What's the intuition behind fixpoints of monads NOT being the direct limit?

Question

Consider the following datatype:

data Foo = Halt | Iter Foo

This is the fixpoint of Maybe. It contains the direct limit of the sequence Void, Maybe Void, Maybe (Maybe Void) and so on, where pure is the injecting morphism. However, Foo has an element not covered by the direct limit, namely fix Iter.

Let me have another example:

data Bar = Bar Bar Bar

This is the fixpoint of Complex. Since Void, Complex Void, Complex (Complex Void) and so on are all homeomorphic to Void, the direct limit is also Void. However, Bar has an element, namely fix (join Bar).

So what's the mathematical justification of those "leftover" elements?

Answer 1

As was pointed out in the comments, these elements exist as a consequence of nontermination.

In a terminating language, or equivalently, in the category of sets, the initial algebra (least fixed point) of Maybe is Nat and the initial algebra of Complex (data Complex a = Complex a a) is the empty type Void. fix Iter and fix (join Complex) don't exist because fix is not definable in a terminating language.

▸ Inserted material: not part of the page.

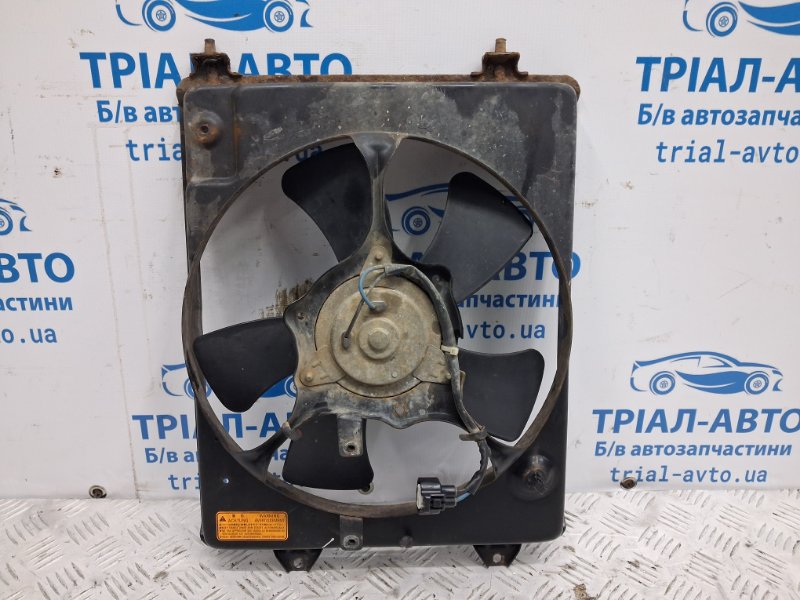 Диффузор с вентилятором радиатора Mitsubishi Outlander 2003-2006 cu 2.4 бензин 4G69 MR968840 Б/У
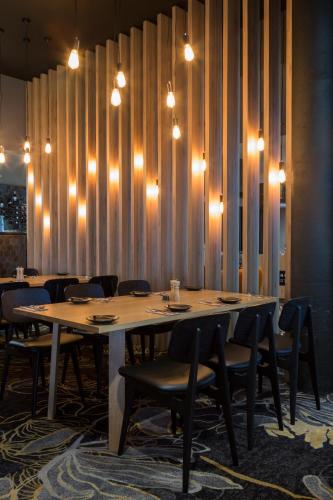 Restaurant, Dingley Hotel in South East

With unrestricted nontermination, sets are no longer a good model of types because the infinite loop inhabits all types. A common alternative in that case are DCPOs or some similar order structure. In particular, the existence of bottom and of limits for increasing sequences are just what is needed to be able to define fix (via Kleene's theorem). So for example, in the case of data Nat = Z | S Nat, fix S is obtained as the limit of the sequence ⊥, S ⊥, S (S ⊥), S (S (S ⊥)), etc.

You do need to be careful about where the bottoms are. For example, in Haskell, Maybe a is a DCPO consisting of ⊥, Nothing, and Just x for x an inhabitant of a. You can also define a strict variant:

data SMaybe a
  = Nothing
  | Just !a

which as a DCPO contains ⊥, Nothing, and Just x for x a non-bottom inhabitant of a. In particular, the sequence ⊥, Just ⊥, Just (Just ⊥), etc. is no longer well-defined (or if you really want to give it a value, it would be constantly equal to ⊥), so you no longer get a way to construct an infinite sequence of Just, and indeed the initial algebra (least fixed point) of SMaybe only contains finite sequences of Just/S applied to Nothing/Z, and ⊥ alone.

Note that this is not restricted to lazy languages. DCPOs serve just as well to model strict languages. It's just that there is an explicit distinction between values and computations which makes things more obvious in a way. For example, the option type in ML

type 'a option = None | Some of 'a

corresponds to the set of values consisting of None and Some x for x in 'a. But the type unit -> 'a option is not a pure function from unit values to 'a option values. It is a function from unit to computations with result 'a option. A computation with result type t denotes an element of the lifted type {⊥} + t (i.e., either bottom or a value in t). So you can use unit -> _ as a type of thunks and encode everything that's going on in Haskell in a strict language.